Provided records.
──────

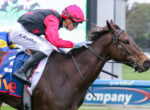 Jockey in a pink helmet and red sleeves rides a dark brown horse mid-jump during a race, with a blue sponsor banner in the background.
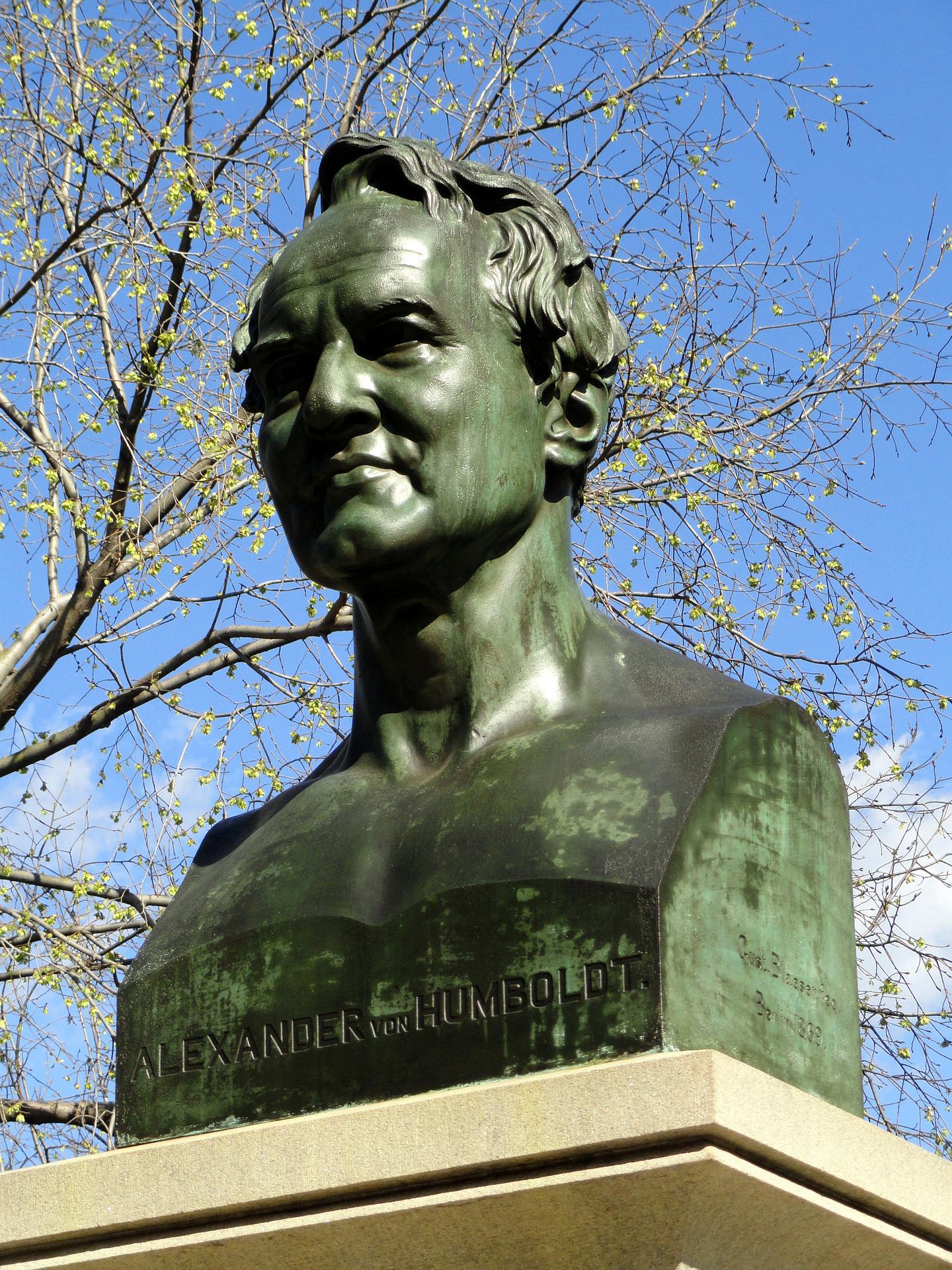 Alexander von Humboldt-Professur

──────

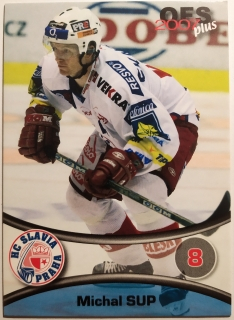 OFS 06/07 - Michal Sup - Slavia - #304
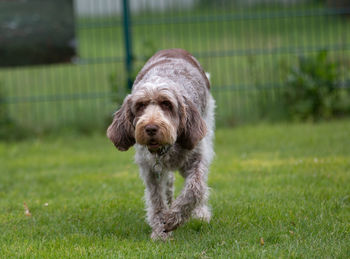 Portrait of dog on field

──────

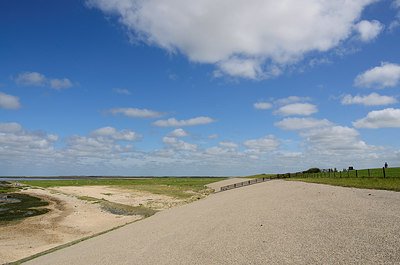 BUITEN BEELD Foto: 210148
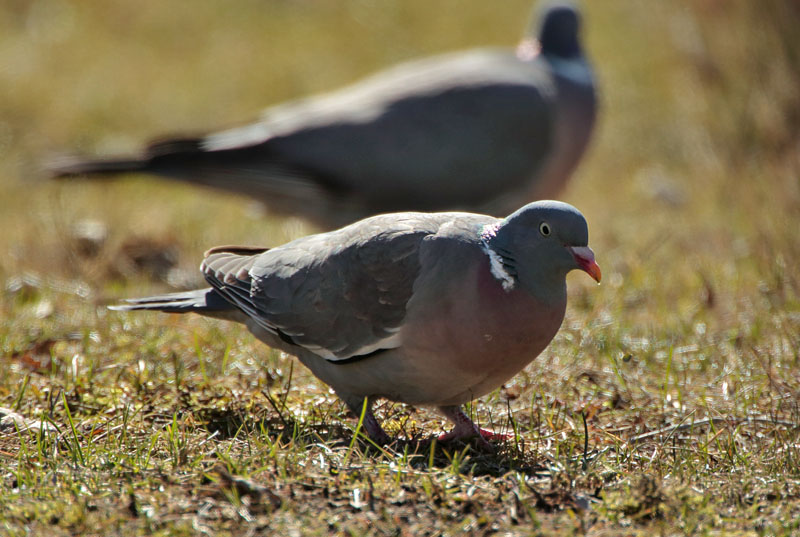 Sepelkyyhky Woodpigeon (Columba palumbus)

──────

What to do.
Taking the records above, print only and exactly the lines from the line with "Jockey in a" to the line with "Alexander von Humboldt-Professur", both kept, and exclude pictures.

Completed exercise.
 Jockey in a pink helmet and red sleeves rides a dark brown horse mid-jump during a race, with a blue sponsor banner in the background.
 Alexander von Humboldt-Professur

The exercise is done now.